Flaherty manages to show the people and the landscape as they are, with the minimum of obvious interference. Indeed, although he was really a surveyor and prospector by profession, his approach has much in common with ethnographic anthropology which was developing at the same time. He observes and studies and thus informs the viewer.
This is not to say that the film hasn't been criticised, like every subsequent documentary, for "rigging" certain shots. He built a double-size, half igloo in order to shoot the interior shots. But how would YOU shoot the inside of an igloo illuminated only by a small square of translucent ice!
Flaherty's lens may be neutral, but it is by no means dispassionate. He is the master of the technical and aesthetic aspects of cinematography: focus is as crisp as the snow & ice it depicts; framing as well-composed as the expressions on the faces of the Inuit; black & white photography as stark as the rocks and snow themselves.

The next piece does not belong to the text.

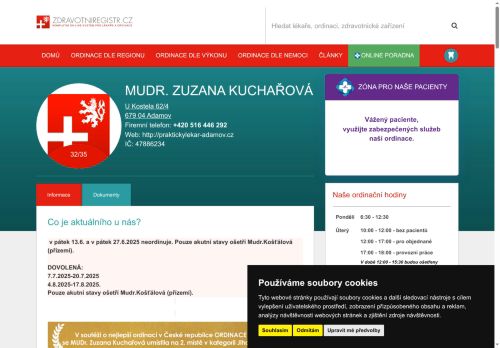 Zobrazit webové stránky Praktický lékař pro dospělé - MUDr. Zuzana Kuchařová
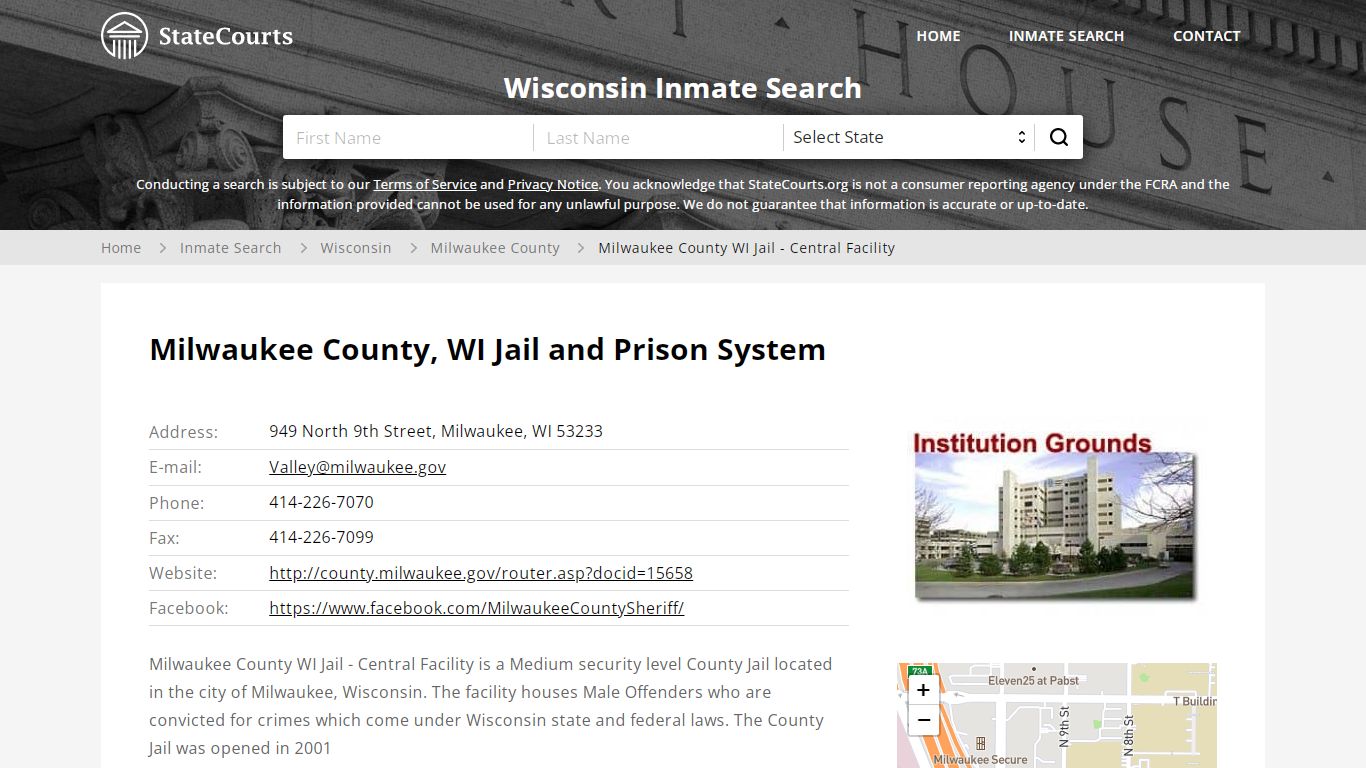 Milwaukee County WI Jail - Central Facility Inmate Records ...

This film is much more than these techniques though. What really locks the viewer's eyes to the screen is the sheer gruelling nature of the eskimoes' life; the battle against the harsh terrain; the freezing temperatures and difficulty in finding and catching food. The skill which Nanook applies in sledging over drifted piles of snow, building an igloo or spearing fish through a hole in the ice is in no way comparable to the skill of an actor, stuntman or special effects artist. This is his Life.
It was also his death, for within a few years of the film's release he had died of starvation on a deer hunt. This puts into perspective any criticism about the filming technique employed for the igloo interior. "Nanook of the North" is no fake: Nanook's life was as real as it gets!